Par conséquent, et dans l'intérêt des institutions, M. Lauber offre sa démission à la commission judiciaire compétente. Les modalités seront discutées avec cette dernière directement. Aucun autre commentaire ne sera donné en l’état, ajoute le communiqué du MPC.

Réagissant dans un communiqué, l'AS-MPC souligne que les manquements de M. Lauber sont confirmés pour l'essentiel par le TAF. La dissimulation de la troisième rencontre avec M. Infantino constitue en particulier une violation grave du devoir de fonction.

L'Autorité de surveillance souligne que les déclarations du Procureur fédéral ont été l'élément déclencheur de la procédure disciplinaire. L'intéressé, "qui n'est ni conscient ni convaincu de l'illégalité de ses actes", a porté atteinte à la réputation du MPC, conclut-elle

Droit d'être entendu

Dans son arrêt, le TAF a admis que le droit d'être entendu du Procureur général avait été violé dans la procédure disciplinaire: l'intéressé n'a pas eu accès à certains documents. Cependant, ce grief a été corrigé devant le TAF lorsque M. Lauber a pu consulter l'ensemble du dossier.

En revanche, les juges de Saint-Gall confirment que le magistrat se trouvait en conflits d'intérêts lorsqu'il s'est chargé des autorisations de témoigner à ses collaborateurs. Ces tâches auraient dû être déléguées à des procureurs suppléants.

Mais le TAF relativise son comportement jugé déloyal par l'AS-MPC. Certes, les propos de M. Lauber lors de sa conférence de presse de mai 2019 étaient excessifs mais le rapport de confiance avec l'autorité était déjà rompu à l'époque.

Le TAF estime que rien ne permet d'établir que les participants à la rencontre du 8 juillet avec M. Infantino se soient entendus au préalable sur leurs déclarations à l'AS-MPC. Celle-ci retenait là une grave violation du devoir de fonction de la part du Procureur général.

Décision valable

Quant à la rencontre du 16 juin 2017, le TAF juge invraisemblable qu'aucun des participants n'en ait souvenir: "Un tel cas d'amnésie collective relève de l'aberration". Dans ce cas, le Procureur a délibérément caché la vérité à l'AS-MPC, souligne la cour.

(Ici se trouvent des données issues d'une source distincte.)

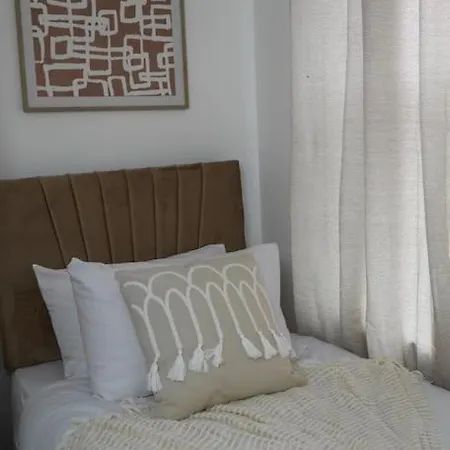 Heart Of Saltburn, Free Parking, Family Stays, Contractors - Scandi * Saltburn-by-the-Sea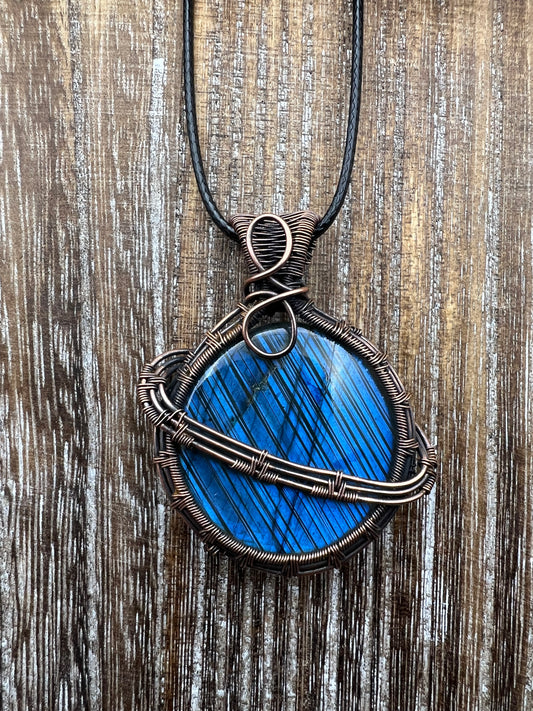 Labradorite Saturn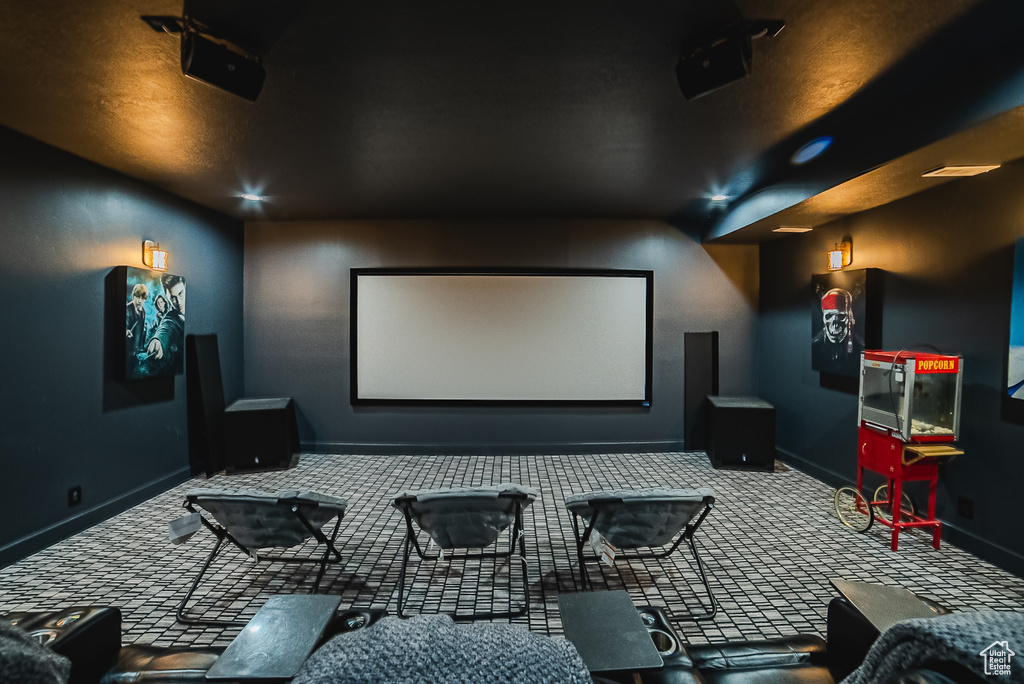 Cinema with carpet and recessed lighting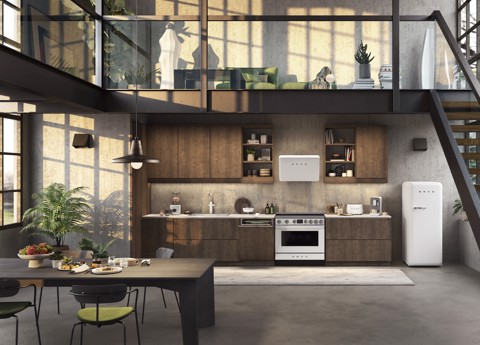 Smeg Macchina da Caffè Automatica lancia vapore Collezione Aesthetic – Bianco – BCC12WHMEU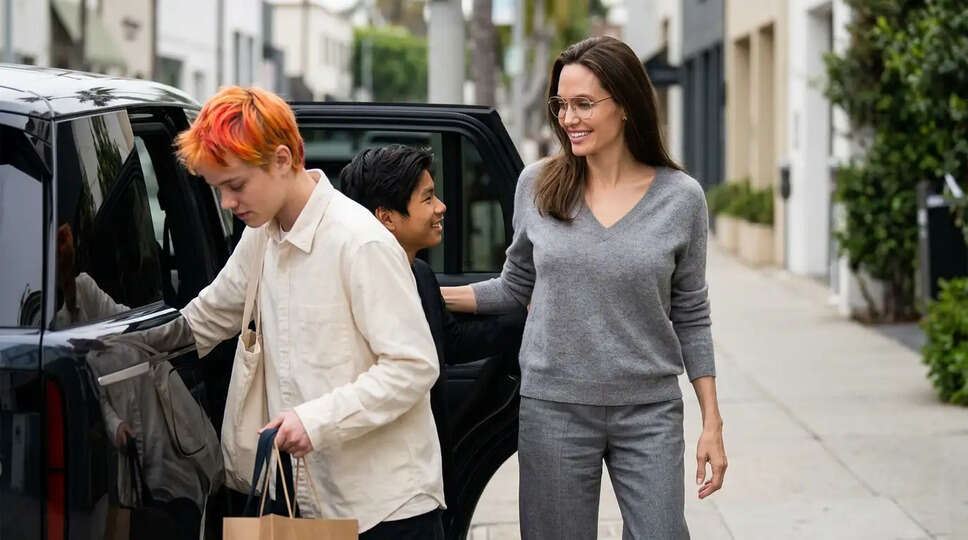 Angelina Jolie ने 51वें जन्मदिन पर मनाया खास पल, बेटे Knox की ग्रेजुएशन भी हुई!
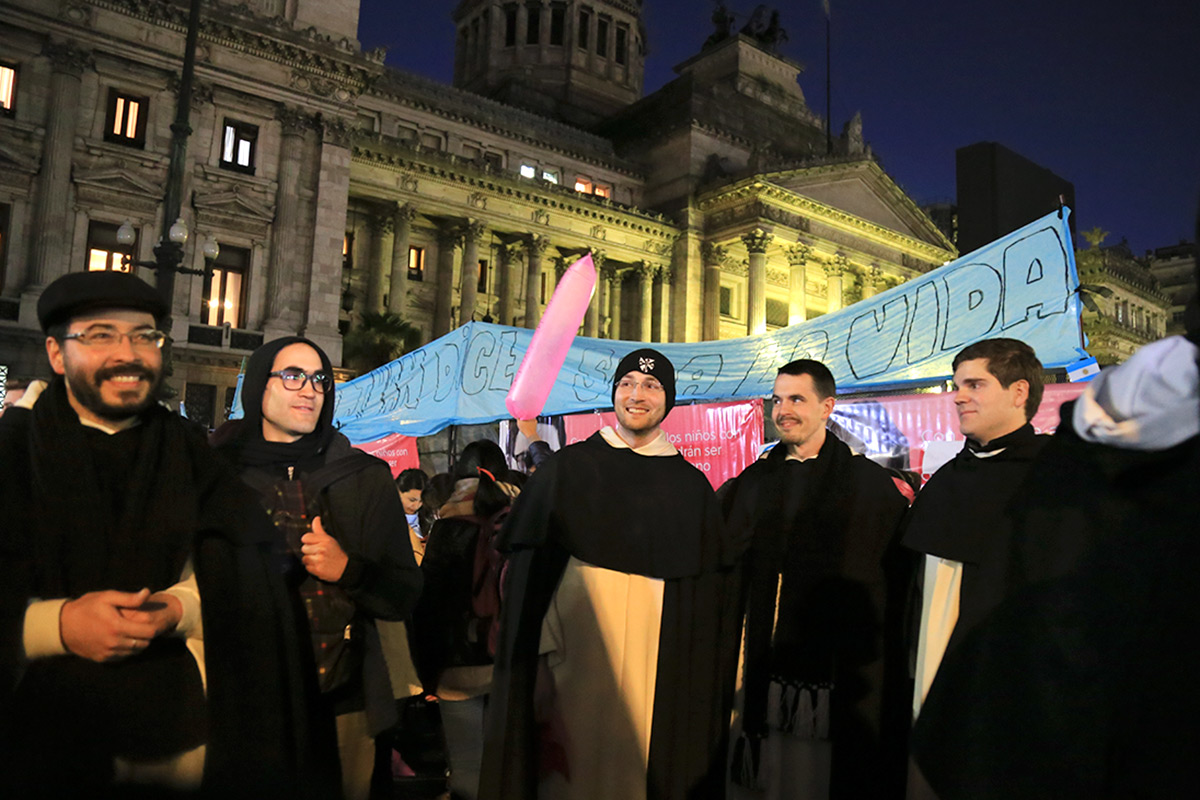 Católicos y evangélicos aceleran los tiempos y convocan a un rezo conjunto contra el aborto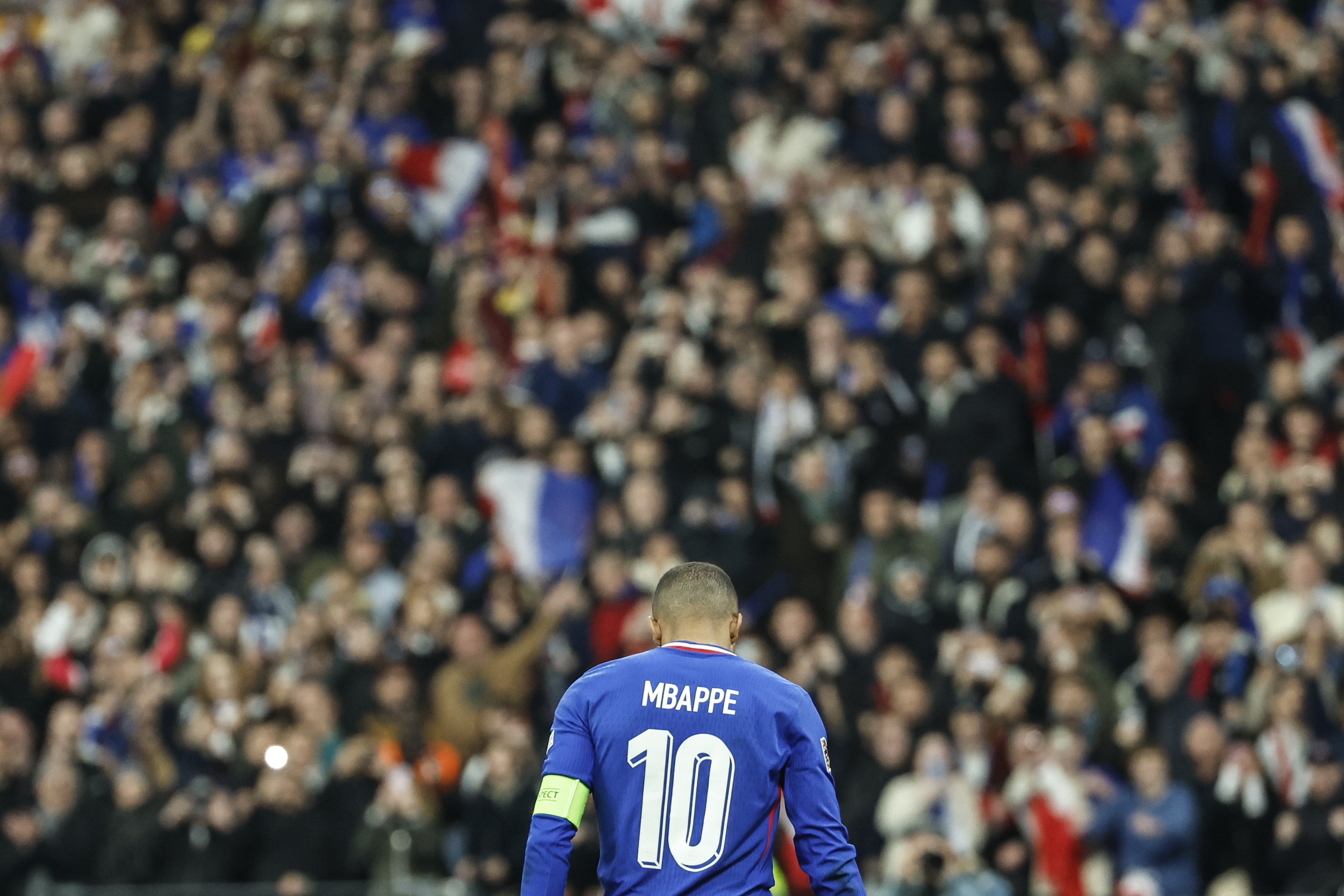 关于法国队在欧国联比赛中再现强大实力，晋级无忧的信息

Le TAF conclut que M. Lauber s'est rendu coupable de plusieurs violations du devoir de fonction. Dans ces conditions, l'enquête disciplinaire a abouti à une décision formellement valable. Les juges administratifs reprochent cependant à l'autorité le ton parfois très agressif adopté dans le rapport.

Ainsi, l'AS-MPC a exagéré en affirmant que le Procureur général avait fait preuve d'une mauvaise compréhension de sa profession. L'autorité de surveillance a omis ainsi les aspects progressistes de son action et les évaluations positives décernées par le passé.